* _Brief_
Print only what runs from the line that includes "I hope you have" to the end of the listing, word for word, and do not include any pictures.

* _Raw data_
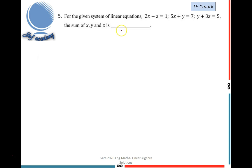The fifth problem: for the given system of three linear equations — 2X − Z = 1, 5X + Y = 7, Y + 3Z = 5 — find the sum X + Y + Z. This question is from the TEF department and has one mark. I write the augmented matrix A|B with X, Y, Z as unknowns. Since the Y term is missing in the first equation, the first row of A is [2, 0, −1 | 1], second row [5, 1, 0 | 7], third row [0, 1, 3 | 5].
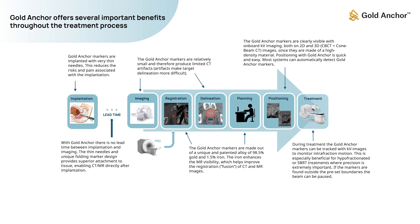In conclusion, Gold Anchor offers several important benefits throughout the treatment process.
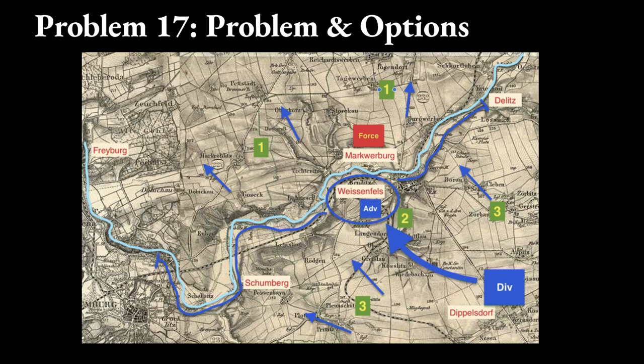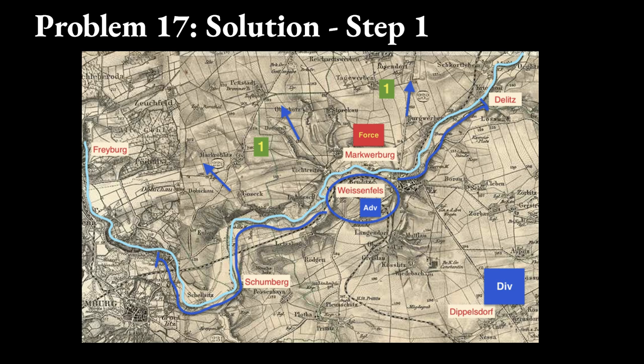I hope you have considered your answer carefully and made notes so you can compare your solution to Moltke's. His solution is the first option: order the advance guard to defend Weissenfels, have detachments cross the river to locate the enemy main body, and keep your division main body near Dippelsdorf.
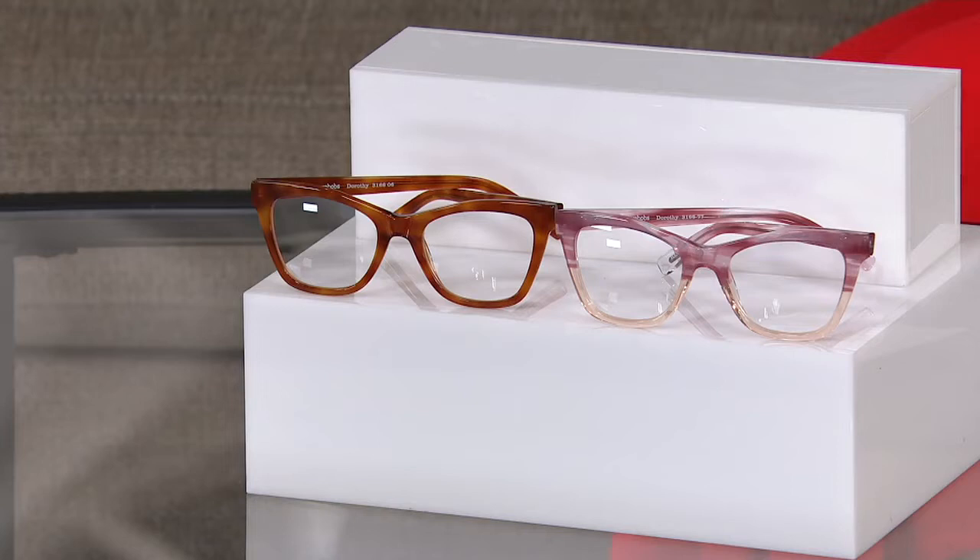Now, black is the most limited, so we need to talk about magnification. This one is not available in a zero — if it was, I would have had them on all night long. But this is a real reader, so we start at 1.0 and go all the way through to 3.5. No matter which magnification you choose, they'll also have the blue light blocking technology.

* _Solution to this problem_
I hope you have considered your answer carefully and made notes so you can compare your solution to Moltke's. His solution is the first option: order the advance guard to defend Weissenfels, have detachments cross the river to locate the enemy main body, and keep your division main body near Dippelsdorf.
Now, black is the most limited, so we need to talk about magnification. This one is not available in a zero — if it was, I would have had them on all night long. But this is a real reader, so we start at 1.0 and go all the way through to 3.5. No matter which magnification you choose, they'll also have the blue light blocking technology.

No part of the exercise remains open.